The company invested in New Zealand early, working with education consultants, and had big wins in education early on, she says.
“And we have the right partners here that did some very visible deployments here and we’ve been able to reap the benefits of our investments,” she says.
Lo says location services are already proving a winner in retail, as companies seek to understand how customers are traversing a shopping mall, or how long a customer stays on in a particular aisle.
“This is the kind of stuff GPS has supported for a long time, but that’s outdoors. As soon as you go indoors, GPS loses its effectiveness, so Wi-Fi is really picking up that role for indoors.
“Retail shops have been very excited about this opportunity and now we’re also seeing transportation getting geared up for this.”
Lo says companies are experimenting with digital signage panels and Wi-Fi in bus stops as a way to pay for fibre to the bus stop and enable better community service for those waiting for buses, while also potentially generating revenue by offering local promotions.

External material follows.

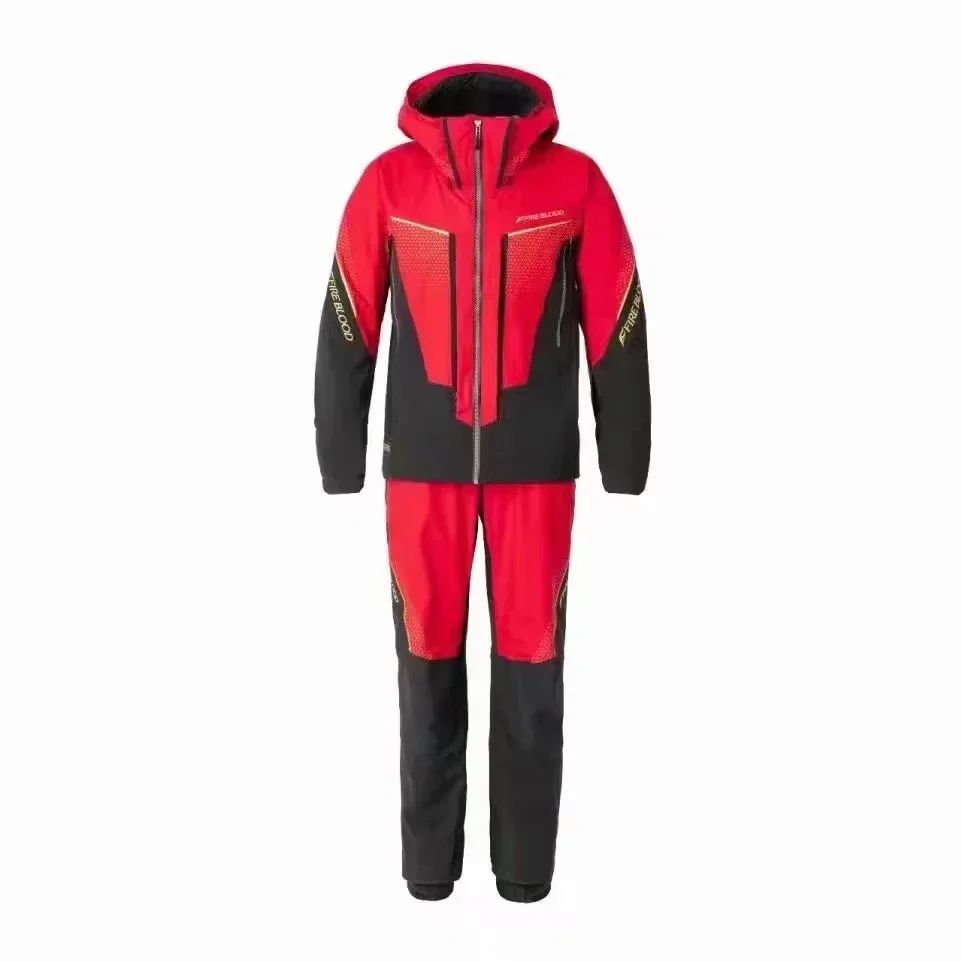 Nova Marca de Roupas de Pesca  - Fishing Rain Suit avaliação e preço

“There are many, many possible applications for this,” Lo says. “And in education, we think it’s a great way of managing all the devices that are mobile, and potentially of finding students.”

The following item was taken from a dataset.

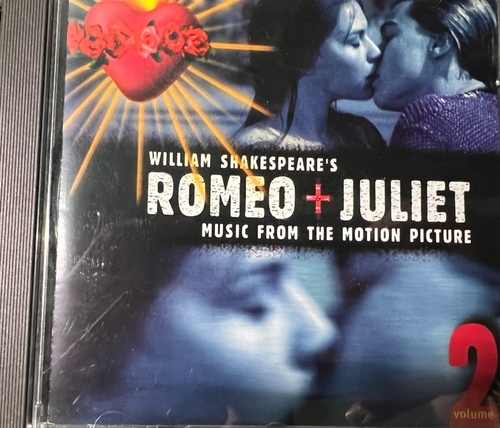 Various – William Shakespeare's Romeo + Juliet: Music From The Motion Picture - Volume 2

Lo was in New Zealand last week to meet with the vendor’s enterprise channel and Vodafone and Spark, to explore other opportunities for the company’s location services in markets such as education, where it could be used to keep track of assets and even students.
“Everybody has a Wi-Fi device, so you can track to a certain extent – depending on how accurate the product is – where devices are,” Lo says.
“In a school, if a kid has a Chromebook or an iPad, and you can’t find the kid you find approximately where the kid is in real-time by looking for the device.”
Lo says New Zealand city councils also offer potential for Ruckus resellers.
“Worldwide what we’re seeing is a push for smart cities, and a lot of metropolis’ and communities are building a Wi-Fi backbone as a way to enable IoT and smart services, as well as almost a quality of life service for visitors and citizens.”
She says in some cities enabling every shop in the CBD has resulted in tourists more frequently leaving their hotel rooms to use the city Wi-Fi.
“So they consume more and they do more business.”
“The key thing that is critical, whether location services or smart cities, is to have good quality Wi-Fi,” she says.
Lo says Ruckus partners have learned from day one about designing quality Wi-Fi.
“That has already prepared them for more challenging networks,” she says.
“Now our partners need to go beyond just building Wi-Fi networks to a lot of the services that Wi-Fi can enable. And location services is a good example.
“In order to support location services the network needs to have a certain density and they need to be able to calibrate the network right, but they also need to become a consultant to the customer in terms of how to use the location data.”
Lo says Ruckus is keen to help its partners ‘go up the stack’.
Ruckus’ Riot partnership program enables third parties to develop applications over the company’s Wi-Fi networks and location services, through standard APIs.
The program has seen a number of apps created, enabling partners to now sell ‘entire solutions’ instead of just a network.
“We have a lot of these third party solutions that partners can chose from so they have a total value proposition when they go to the customer.” Locally, only a small number of apps have been created, however more are coming, with the company working with several companies.
“It’s a very exciting time,” says Lo. “New ideas are coming and partners are trying new things.
“It’s the partners who are willing to make that investment and take some risk that will end up winning.”